Duke Energy has asked regulators for permission to expand its Lincoln County gas-fired turbine power plant. The project is needed to meet a growing demand for electricity during winter and summer months, the utility says.

“We’re doing it because we have a need for peaking power in the 2024 time frame,” Charlotte Public Radio quoted Duke spokesman Rick Rhodes as saying.

The project calls for installation a new gas-fired unit, adding 400 megawatts of generating capacity to the plant’s existing 1,200 megawatts.

Duke has hired Siemens as its contractor. Siemens says the project will be the first for a new production line in Charlotte, and will allow it to test new, more efficient technology. Siemens says the new unit will be 25 percent more efficient than the plant’s existing turbines.

In a press release, Duke said the new unit would save money. “This new technology will provide us with flexible peaking power needed to complement intermittent solar energy resources for our customers and lower emissions across our fleet,” said David Fountain, Duke Energy’s North Carolina president.

The project’s cost is not being disclosed.

Pending regulatory approval, construction could begin as early as mid-2018, with gas turbine testing beginning in 2020 on Duke Energy’s 746-acre site near Denver, North Carolina.
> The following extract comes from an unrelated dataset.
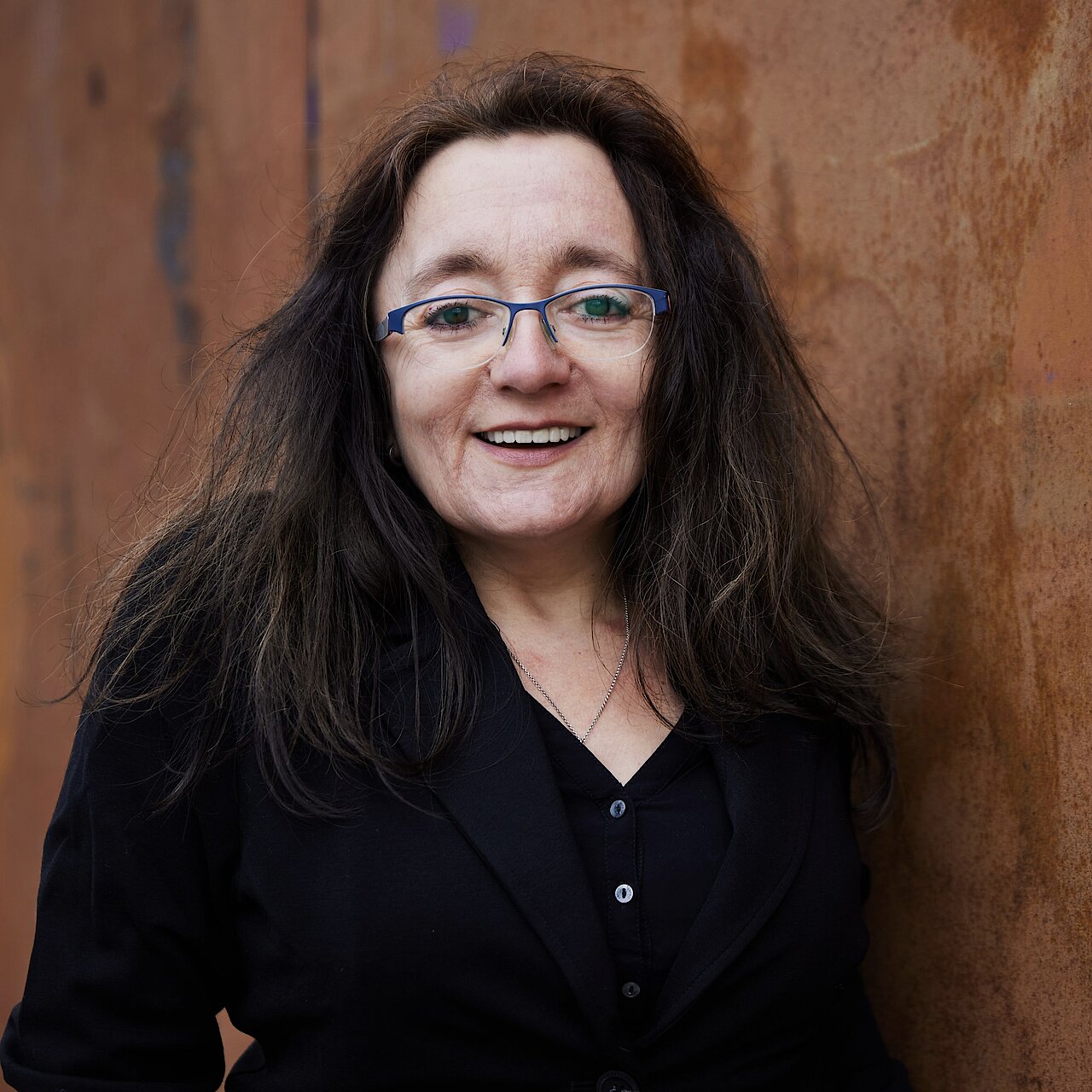 Frau mit langen, dunklen Haaren trägt schwarze Bluse und steht vor einer rostbraunen Wand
The site currently houses 16 gas-fueled, simple-cycle combustion turbines capable of generating 1,200 megawatts during short periods when customer needs are highest.

Siemens manufactures and services gas turbines, steam turbines and generators at its Charlotte Energy Hub.

“Our cooperation with Duke Energy is a very important step in our roadmap to further drive the efficiency of natural gas generation,” said Willi Meixner, CEO of Siemens Power and Gas Division. “In addition to meeting the needs of Duke Energy customers, the proposed project supports jobs and the Carolina economy.”

The Lincoln County site, which was completed in 1995, includes existing infrastructure with access to natural gas and transmission connections, making it suitable for expansion.